Due to several hundred years of Plaggen agriculture in the Oberesch area, archaeologists are facing special soil conditions here. Since the Middle Ages, local farmers have cut out pieces of sod to use them as bedding in their stables. Later on, these sod pieces called Plaggen, now saturated with manure, were put on fields as fertilizer. In this way, an up to one meter thick layer of Plaggen soil built up in Kalkriese over time. In various locations, the historical state of the surface has been preserved beneath this layer.
The 2,000-year-old soil conditions of the Kalkriese site were researched by soil scientists from the University of Oldenburg (Lower Saxony), who were able to partially reconstruct the state of the Oberesch’s relief in Augustean time based on soil surveys and core samples. The earth’s surface was much more diverse and irregularly shaped in that period. Currently, soil scientists from the University of Osnabrück and from Hochschule Osnabrück are investigating in which period soil erosion occurred on the Kalkriese Hill and how these layers can be distinguished from Plaggen soil.

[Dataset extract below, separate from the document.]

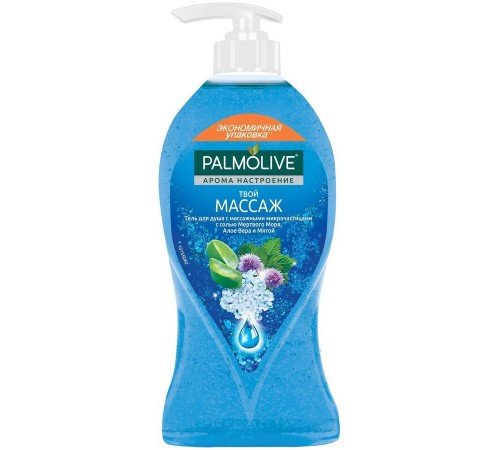 Гель для душа Palmolive Арома настроение Твой Массаж (750 мл)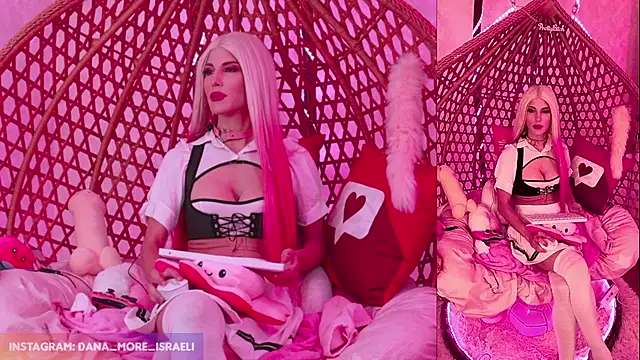 dana more online show from 11-18-25, 09:36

In the past few years, soil scientists also tried to locate archaeological evidence underneath the Esch prior to excavations with the aid of magnetic prospection. For many years, this method has been applied very successfully in the search for archaeological sites in regions without Esch layers. Magnetic scans allow researchers to identify pits, ditches or wall fragments, so that settlement structures or burial sites can be found without excavations. However, in the Kalkriese region scientists soon learned that the Esch significantly impairs the use of this natural scientific method. Without excavations, substantial knowledge of archaeological findings can hardly be obtained here.